- Are you looking for a car loan and can’t decide between secured and unsecured options?
- How do terms vary, and what interest rates can you expect from each?
- A secured car loan is often cheaper and easier to get, but you’ll likely have to use your new vehicle as collateral.
If you’re looking for a new car but need funds to pay for it, you might have noticed the secured and unsecured loan options.
Not entirely sure what the difference is? Read on to find it out.
Unsecured car loans
Unsecured car loans are personal loans that don’t require you to use assets as security. This type of loan is ideal if you don’t want to use the new vehicle as collateral. However, you’ll need an impeccable credit history to get the money.
An unsecured car loan works like all unsecured personal loans, meaning that the lender will approve or reject your application based on your creditworthiness. You will also have to demonstrate that you can afford the loan, providing the lender with proof of income and details about any savings you might have. To compensate for the higher risks, unsecured car loans generally come with higher interest rates and more fees.
- Absence of collateral. You’ll own the vehicle right away and won’t risk losing it if you can’t keep up with the payments.
- Redraw facilities. Variable interest loans may feature redraw facilities, allowing you to withdraw any amount you might have paid over the minimum payment.
- No vehicle eligibility requirements. You can use the money to buy any car make and model, as well as used vehicles.
You can expect to pay interest rates up to 15% p.a. Other costs can include an application fee, administrative fees, early payment fees, etc.
Pros and cons
- Generally higher interest rates compared to secured loans, but you may be offered a low rate if you have very good credit.
- Lenders typically offer to lend less for unsecured compared to secured loans.
Secured car loans
Secured car loans are a type of secured personal loan that require you to use assets as security. Most lenders use the vehicle you purchase as collateral, although some may also accept other assets. You may be able to borrow the money even if your credit history is average.
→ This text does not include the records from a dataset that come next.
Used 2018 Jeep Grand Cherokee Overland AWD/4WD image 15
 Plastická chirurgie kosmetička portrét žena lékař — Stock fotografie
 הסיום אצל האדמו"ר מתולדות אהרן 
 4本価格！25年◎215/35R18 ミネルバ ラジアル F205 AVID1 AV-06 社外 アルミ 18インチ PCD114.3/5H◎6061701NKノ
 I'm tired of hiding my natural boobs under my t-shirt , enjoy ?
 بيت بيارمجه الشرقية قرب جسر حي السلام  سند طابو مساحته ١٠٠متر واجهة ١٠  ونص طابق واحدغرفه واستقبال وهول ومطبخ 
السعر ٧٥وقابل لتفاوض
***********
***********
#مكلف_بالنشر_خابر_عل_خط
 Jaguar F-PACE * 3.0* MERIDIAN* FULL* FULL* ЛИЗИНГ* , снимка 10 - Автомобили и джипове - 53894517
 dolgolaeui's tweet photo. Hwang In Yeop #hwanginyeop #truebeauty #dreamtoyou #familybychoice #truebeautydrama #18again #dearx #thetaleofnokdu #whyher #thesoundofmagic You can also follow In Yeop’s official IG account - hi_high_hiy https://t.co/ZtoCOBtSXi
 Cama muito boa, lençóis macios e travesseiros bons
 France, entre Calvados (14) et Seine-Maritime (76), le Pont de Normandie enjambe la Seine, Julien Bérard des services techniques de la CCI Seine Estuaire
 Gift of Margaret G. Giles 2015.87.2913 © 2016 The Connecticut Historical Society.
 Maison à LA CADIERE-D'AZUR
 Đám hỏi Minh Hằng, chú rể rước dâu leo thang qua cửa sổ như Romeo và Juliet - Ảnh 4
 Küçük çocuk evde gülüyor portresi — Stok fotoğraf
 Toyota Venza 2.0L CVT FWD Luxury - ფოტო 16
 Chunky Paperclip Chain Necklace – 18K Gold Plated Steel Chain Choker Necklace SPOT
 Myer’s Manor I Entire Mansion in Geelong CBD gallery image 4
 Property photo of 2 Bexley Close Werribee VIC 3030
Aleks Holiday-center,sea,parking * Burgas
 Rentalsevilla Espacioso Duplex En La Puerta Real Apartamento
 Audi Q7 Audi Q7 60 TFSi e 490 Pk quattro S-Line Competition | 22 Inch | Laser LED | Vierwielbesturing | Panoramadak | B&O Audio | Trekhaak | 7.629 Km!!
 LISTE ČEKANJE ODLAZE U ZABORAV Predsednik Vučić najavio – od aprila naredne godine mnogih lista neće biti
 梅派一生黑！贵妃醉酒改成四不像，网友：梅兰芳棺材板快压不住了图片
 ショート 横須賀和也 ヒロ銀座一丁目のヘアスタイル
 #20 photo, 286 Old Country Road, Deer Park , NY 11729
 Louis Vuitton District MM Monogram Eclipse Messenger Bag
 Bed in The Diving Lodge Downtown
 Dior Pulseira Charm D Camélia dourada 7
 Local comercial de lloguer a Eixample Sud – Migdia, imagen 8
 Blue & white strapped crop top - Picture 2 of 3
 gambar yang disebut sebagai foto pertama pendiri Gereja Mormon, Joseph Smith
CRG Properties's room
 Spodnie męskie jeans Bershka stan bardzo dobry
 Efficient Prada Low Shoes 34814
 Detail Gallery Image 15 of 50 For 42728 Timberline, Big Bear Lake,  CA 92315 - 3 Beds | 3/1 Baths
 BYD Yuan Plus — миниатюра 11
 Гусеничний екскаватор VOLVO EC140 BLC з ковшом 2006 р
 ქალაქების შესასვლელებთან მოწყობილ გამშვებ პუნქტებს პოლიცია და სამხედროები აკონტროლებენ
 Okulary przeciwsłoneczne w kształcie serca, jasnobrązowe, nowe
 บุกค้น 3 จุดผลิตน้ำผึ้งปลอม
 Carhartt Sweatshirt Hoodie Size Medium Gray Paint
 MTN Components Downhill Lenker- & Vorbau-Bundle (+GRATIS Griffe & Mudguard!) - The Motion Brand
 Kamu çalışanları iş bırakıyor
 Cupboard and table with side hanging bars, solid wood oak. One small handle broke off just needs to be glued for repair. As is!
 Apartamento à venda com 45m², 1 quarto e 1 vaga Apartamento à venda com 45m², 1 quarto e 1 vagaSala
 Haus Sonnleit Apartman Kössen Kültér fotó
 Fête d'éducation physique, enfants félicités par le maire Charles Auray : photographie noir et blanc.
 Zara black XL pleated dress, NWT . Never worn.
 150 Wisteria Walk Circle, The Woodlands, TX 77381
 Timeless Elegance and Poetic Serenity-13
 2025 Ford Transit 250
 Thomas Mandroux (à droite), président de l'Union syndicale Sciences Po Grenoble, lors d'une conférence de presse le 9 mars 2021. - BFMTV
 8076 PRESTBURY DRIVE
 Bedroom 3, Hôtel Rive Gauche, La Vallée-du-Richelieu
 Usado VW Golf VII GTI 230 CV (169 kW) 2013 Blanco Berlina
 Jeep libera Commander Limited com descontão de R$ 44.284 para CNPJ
Some lenders limit your options to specific makes and models. You won’t own the vehicle straight away, only after you’ve extinguished the loan. However, secured loans have more generous terms and are cheaper.
- Attractive interest rates. Secured car loans can have interest rates as low as 2.89% p.a.
- Longer terms. Most secured car loans allow you to pay back the money in 84 months or more, whereas most unsecured loan terms don’t exceed 60 months.
- Higher limits. Secured car loans allow you to borrow more money than unsecured loans, so you can buy a nicer car.
Interest rates generally vary from 2.89% to 10% p.a. Most lenders charge no application fee, and the loan has lower ongoing fees.
Pros and cons
- Higher loan amounts typically available.
- Flexible loan terms.
- Redraw facilities on variable interest loans.
- Interest rates are usually lower compared to those on unsecured loans.
- You’ll have to use the new vehicle as collateral.
- Some lenders require you to buy specific car makes and models.
Which is better?
If you don’t mind using the new vehicle as collateral but want to borrow more money and pay lower interest, a secured car loan might be worth considering. If you have an excellent credit history and want to own the new vehicle straight away or buy a used car, an unsecured loan could let you do that.
In the end, it depends on your own financial situation. Weigh up your options carefully before you decide.